* **Your goal**: With the pictures omitted, write out the entries that follow exactly as they stand.

* **Provided records**:
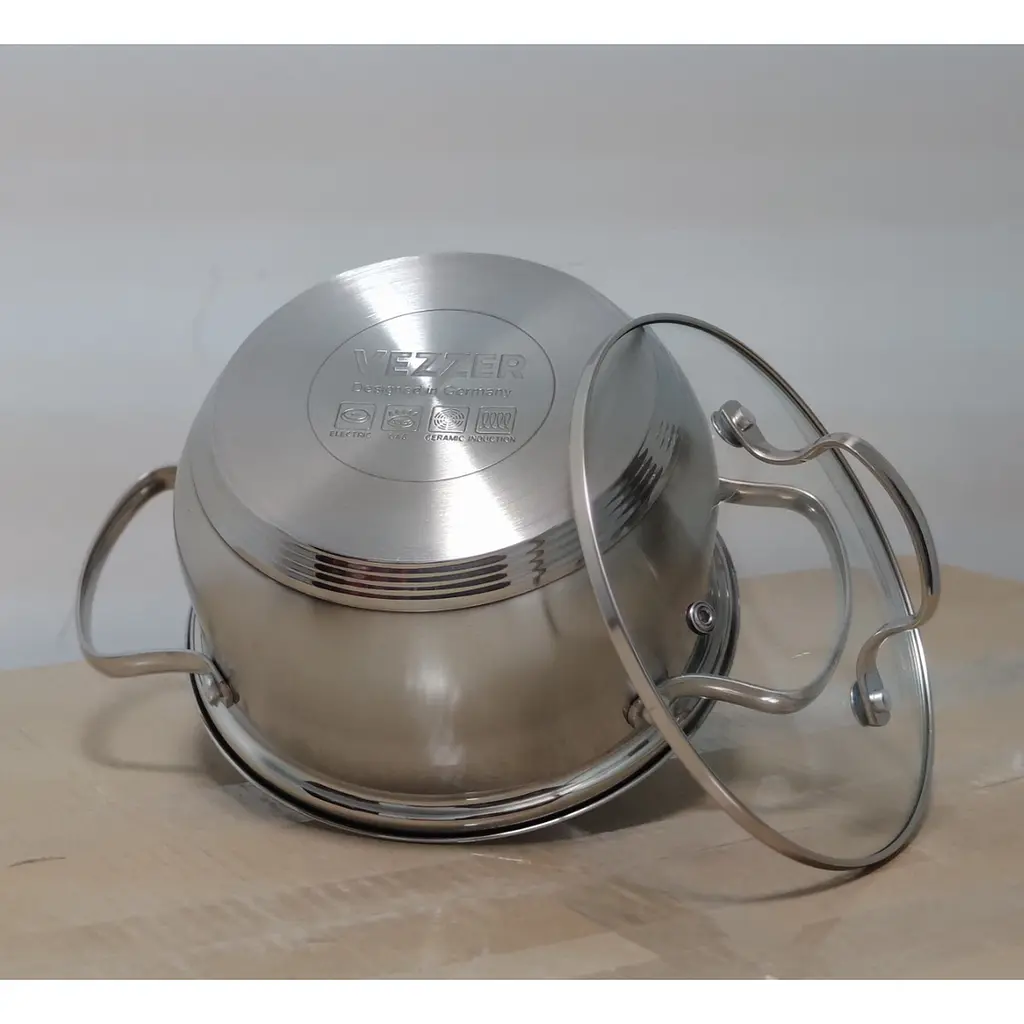 Каструля Vezzer зі скляною кришкою 18 см 2 л (VZ12141R-18C) - фото 5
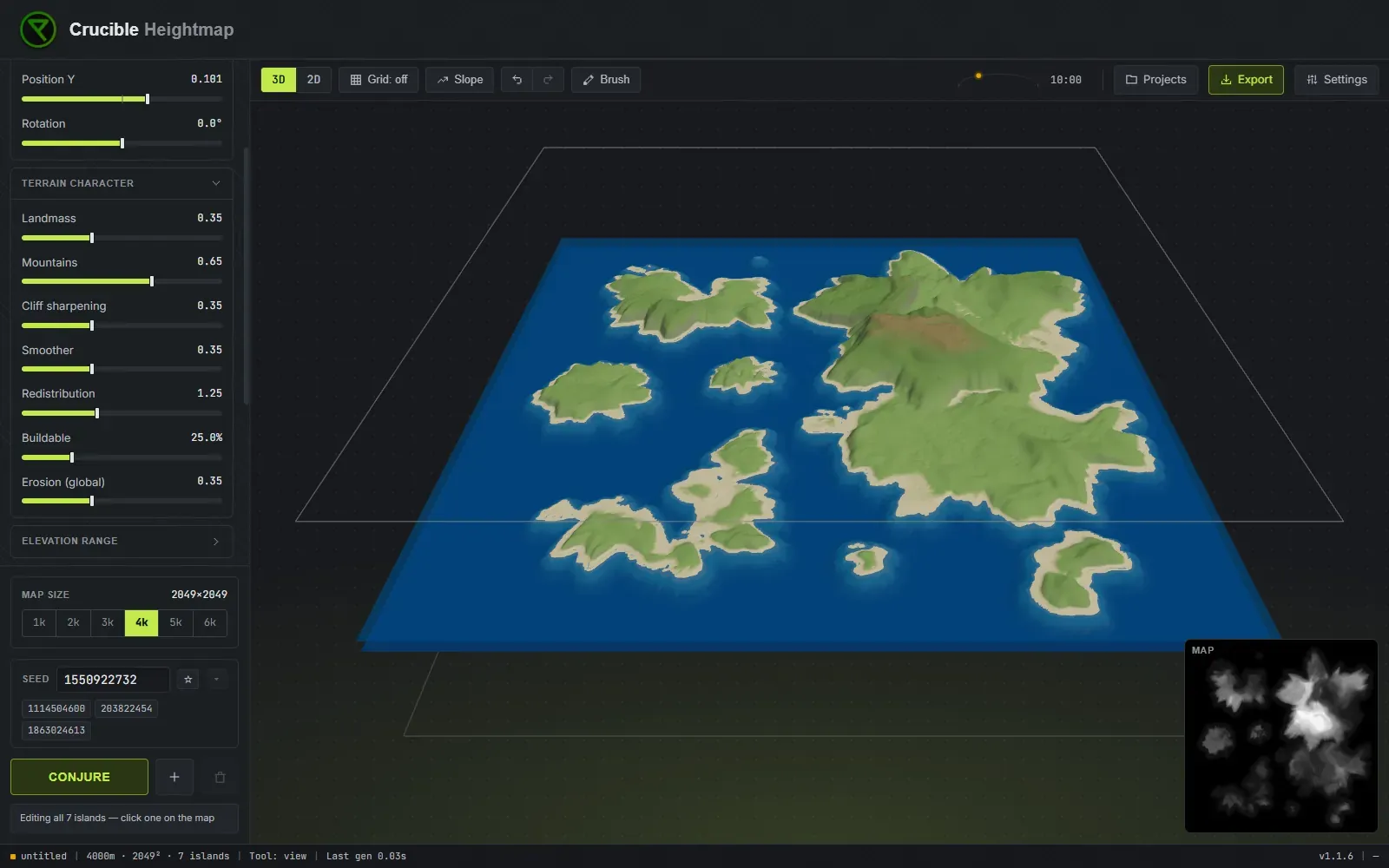 A custom Rust map in Crucible Heightmap made from several combined island seeds, shown as multiple separate landmasses in the 3D preview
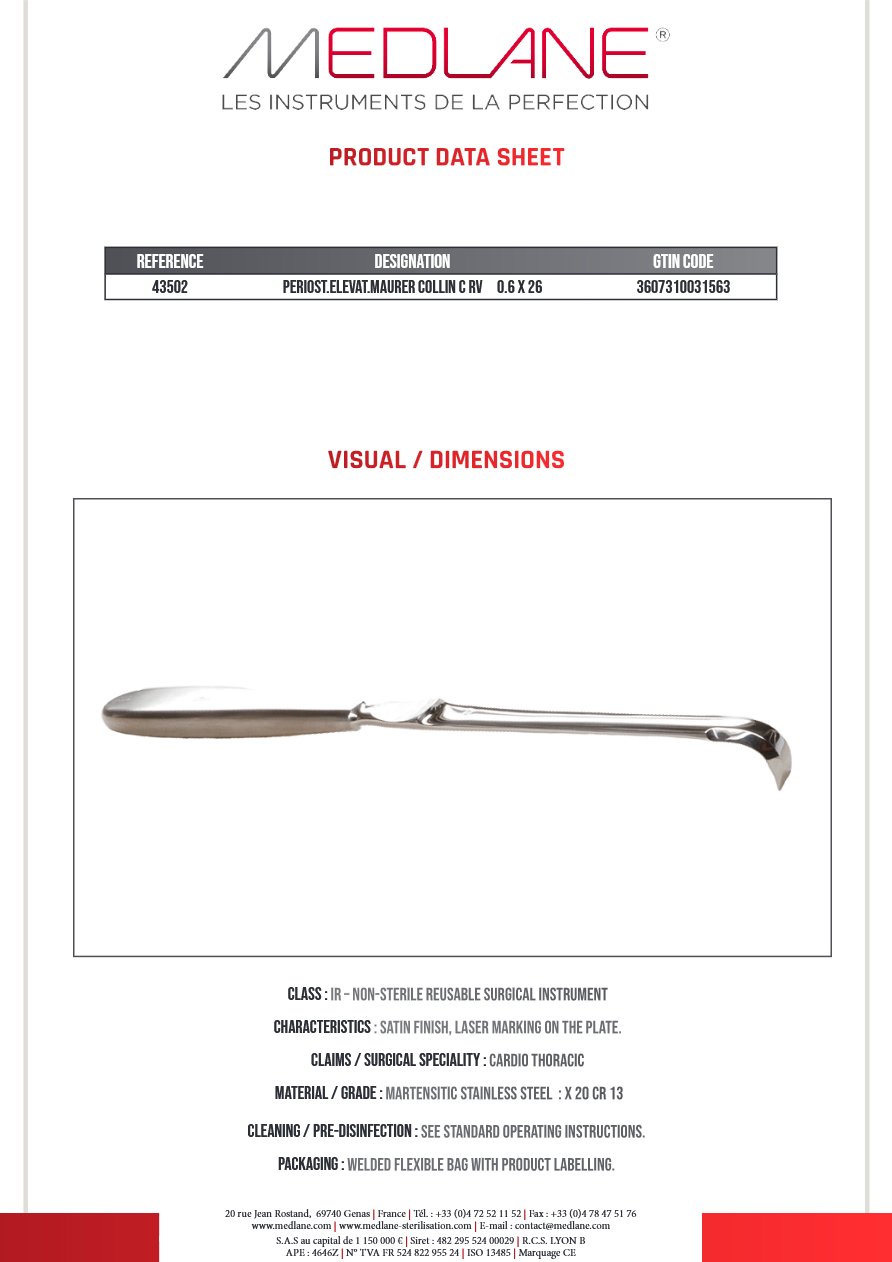 Rugine Maurer Collin Courbe 6 X 260 mm — REF 43502
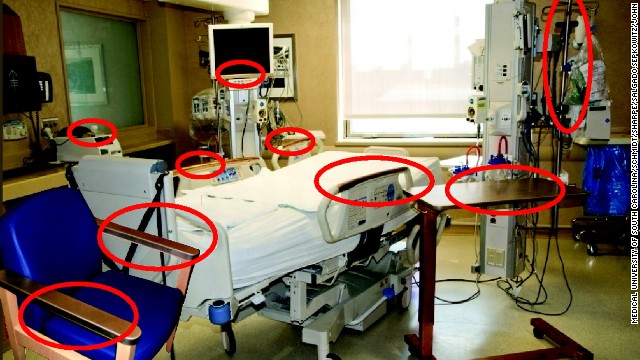 Researchers installed copper alloy surfaces in the areas of the ICU room shown above.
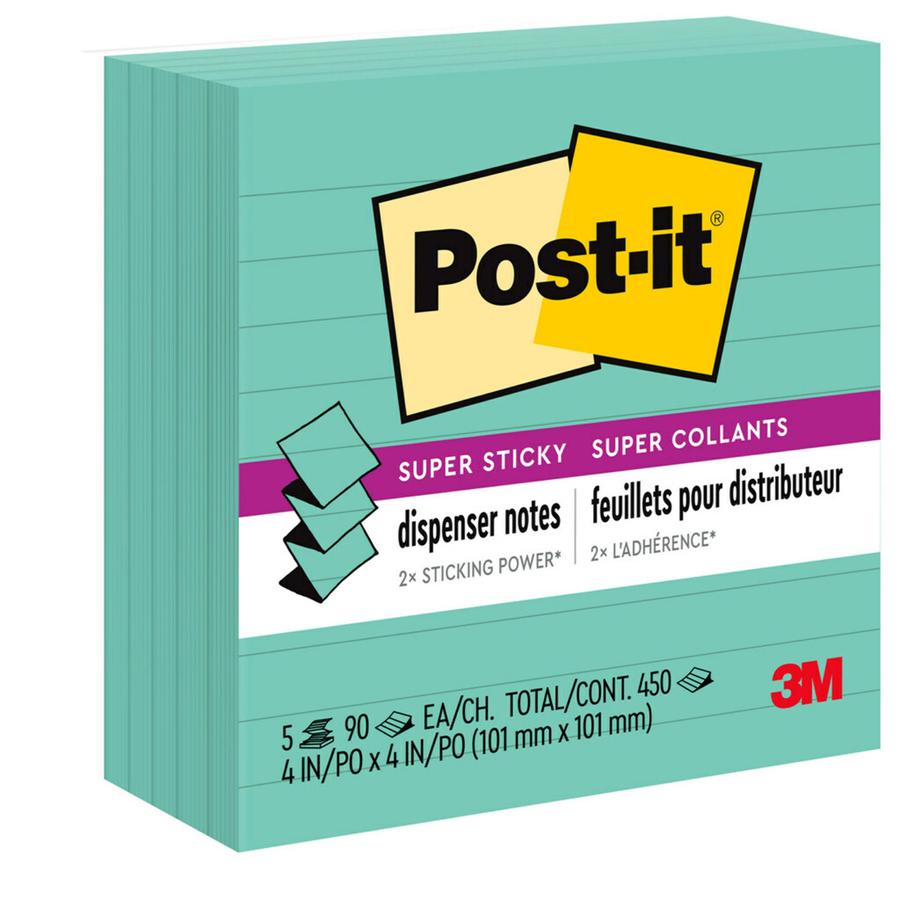 Post-it&reg; Super Sticky Pop-up Lined Note Refills - 4" x 4" - Square - 90 Sheets per Pad - Blue - Sticky - 5 / Pack. Picture 7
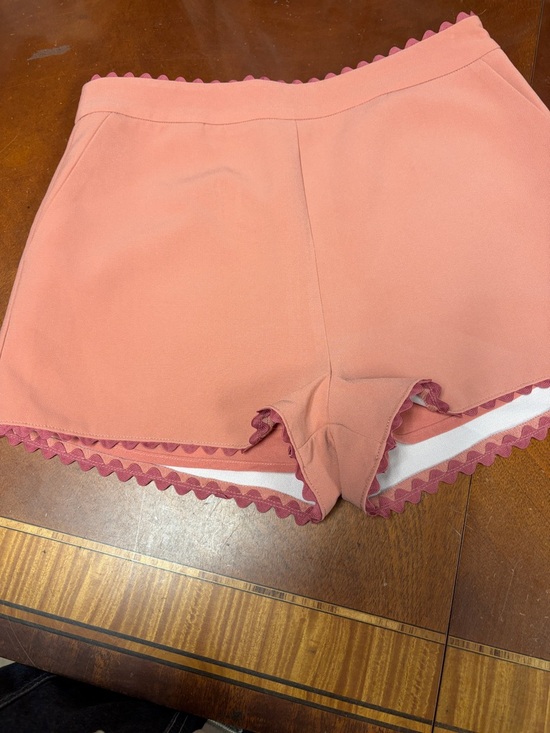 English Factory Pants - English Factory Coral Scalloped High-Waist Shorts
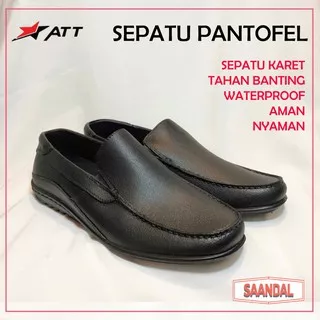 Sepatu Kerja Hitam Karet anti air hujan ATT 350 Sepatu Pantofel Karet(BISA ECERAN)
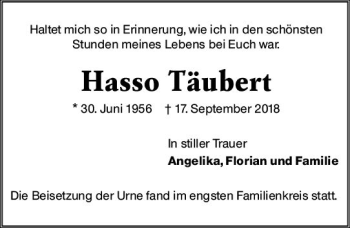 Traueranzeige von Hasso Täubert von vrm-trauer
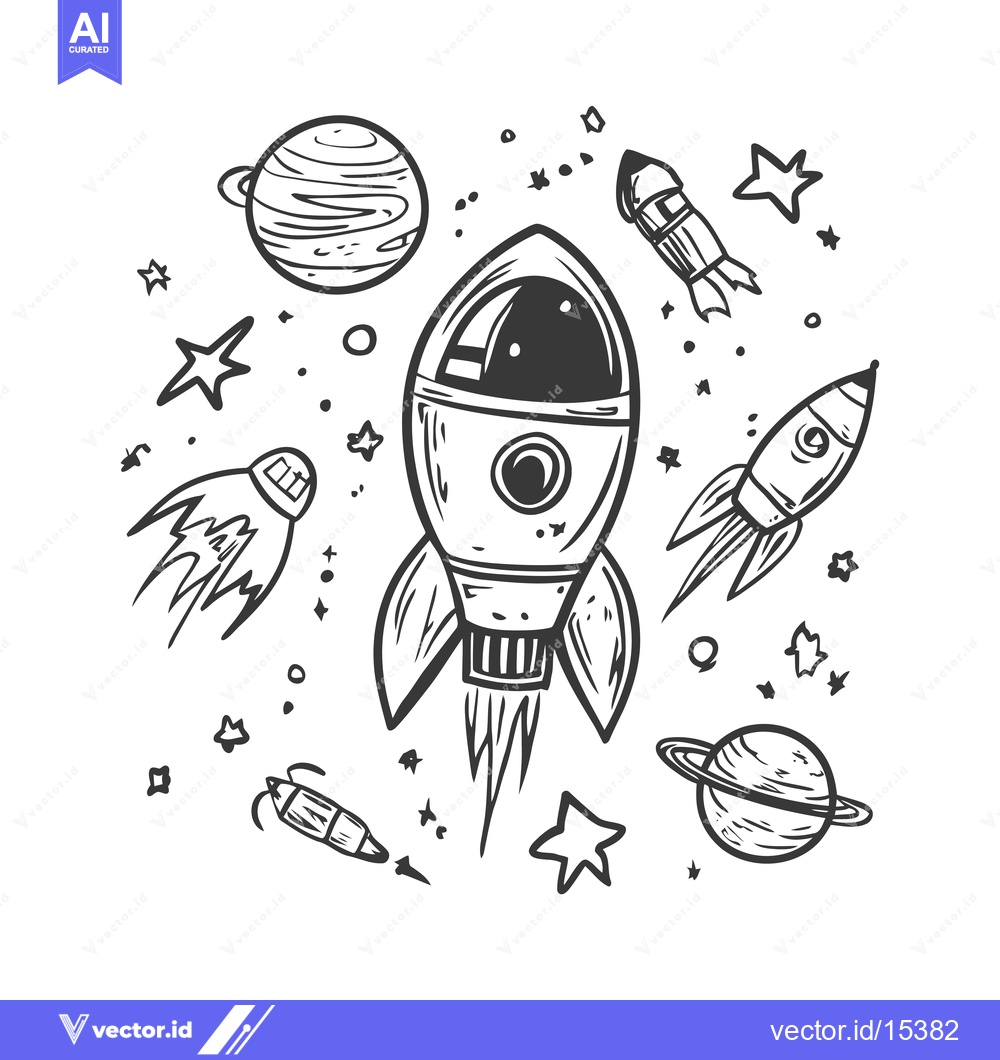 Premium Vector dari A hand-drawn illustration of a rocket, planets, and stars in space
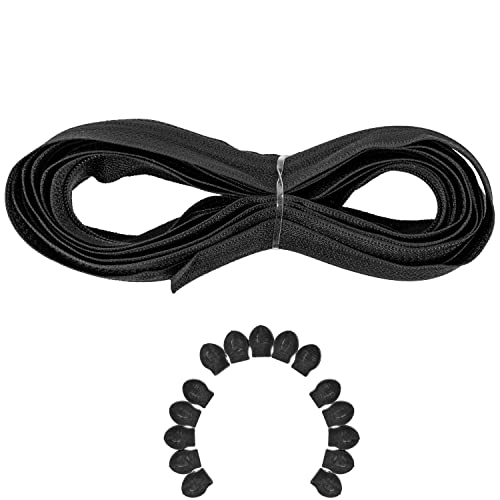 Endlos Reißverschluss, 330 cm Gesamtlänge, Größe #3, Schwarz, nicht teilbar, Breite 28 mm, Zahnbreite 5 mm, Set mit 15 x Kunststoff RV Schieber Laschen, Reissverschluss Spirale mit Anhängern DIY Kit von Your Day Mate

* **Exercise response**:
 Каструля Vezzer зі скляною кришкою 18 см 2 л (VZ12141R-18C) - фото 5
 A custom Rust map in Crucible Heightmap made from several combined island seeds, shown as multiple separate landmasses in the 3D preview
 Rugine Maurer Collin Courbe 6 X 260 mm — REF 43502
 Researchers installed copper alloy surfaces in the areas of the ICU room shown above.
 Post-it&reg; Super Sticky Pop-up Lined Note Refills - 4" x 4" - Square - 90 Sheets per Pad - Blue - Sticky - 5 / Pack. Picture 7
 English Factory Pants - English Factory Coral Scalloped High-Waist Shorts
 Sepatu Kerja Hitam Karet anti air hujan ATT 350 Sepatu Pantofel Karet(BISA ECERAN)
 Traueranzeige von Hasso Täubert von vrm-trauer
 Premium Vector dari A hand-drawn illustration of a rocket, planets, and stars in space
 Endlos Reißverschluss, 330 cm Gesamtlänge, Größe #3, Schwarz, nicht teilbar, Breite 28 mm, Zahnbreite 5 mm, Set mit 15 x Kunststoff RV Schieber Laschen, Reissverschluss Spirale mit Anhängern DIY Kit von Your Day Mate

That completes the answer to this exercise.